Problem >> Copy all lines below containing "Logo".

Excerpted records >>

◆ ◆ ◆

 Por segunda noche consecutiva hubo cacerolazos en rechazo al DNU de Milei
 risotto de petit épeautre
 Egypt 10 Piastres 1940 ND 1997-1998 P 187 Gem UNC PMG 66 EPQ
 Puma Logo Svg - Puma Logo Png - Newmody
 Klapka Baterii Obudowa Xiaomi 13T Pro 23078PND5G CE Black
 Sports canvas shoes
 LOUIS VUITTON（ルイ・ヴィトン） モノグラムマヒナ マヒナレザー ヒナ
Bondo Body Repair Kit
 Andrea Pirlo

◆ ◆ ◆

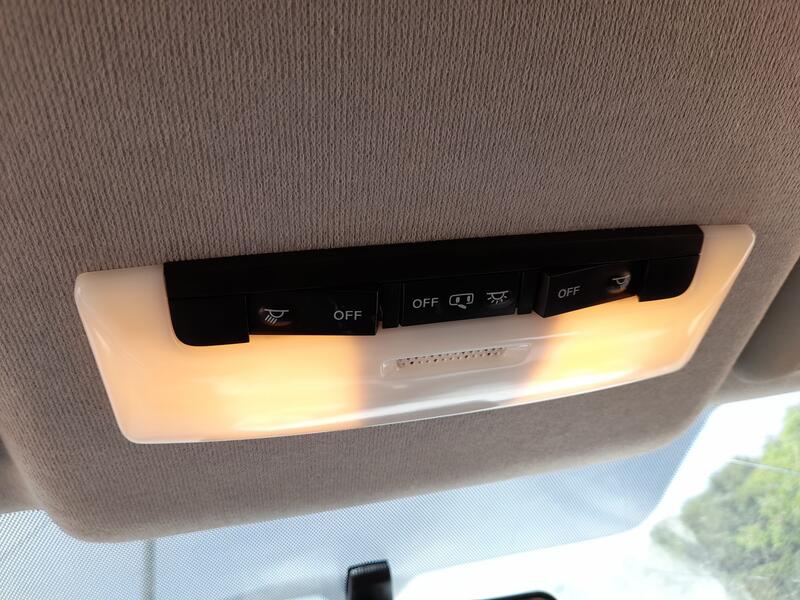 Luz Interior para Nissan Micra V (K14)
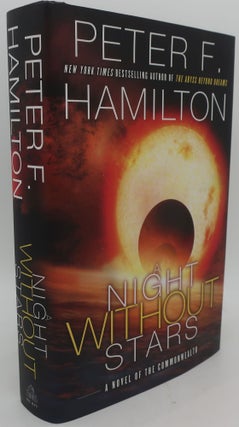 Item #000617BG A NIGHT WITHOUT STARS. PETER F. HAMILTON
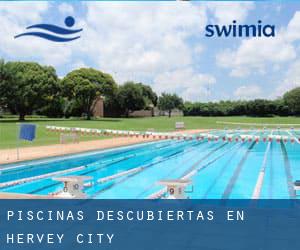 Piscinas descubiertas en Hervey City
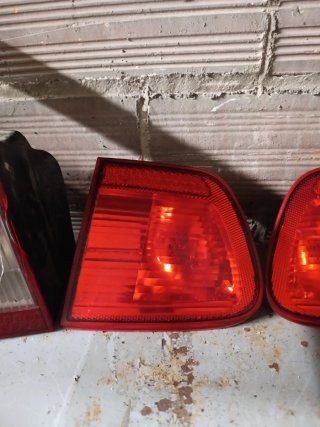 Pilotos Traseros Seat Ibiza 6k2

◆ ◆ ◆

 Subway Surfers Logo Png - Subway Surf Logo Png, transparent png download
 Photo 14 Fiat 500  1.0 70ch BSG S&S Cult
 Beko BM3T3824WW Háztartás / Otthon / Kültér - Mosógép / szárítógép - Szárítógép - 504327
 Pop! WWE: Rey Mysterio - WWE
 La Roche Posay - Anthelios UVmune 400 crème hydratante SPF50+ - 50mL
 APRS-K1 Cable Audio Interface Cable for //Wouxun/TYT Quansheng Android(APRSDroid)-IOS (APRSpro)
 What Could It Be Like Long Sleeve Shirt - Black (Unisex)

◆ ◆ ◆

Response to this exercise >>
 Puma Logo Svg - Puma Logo Png - Newmody
 Subway Surfers Logo Png - Subway Surf Logo Png, transparent png download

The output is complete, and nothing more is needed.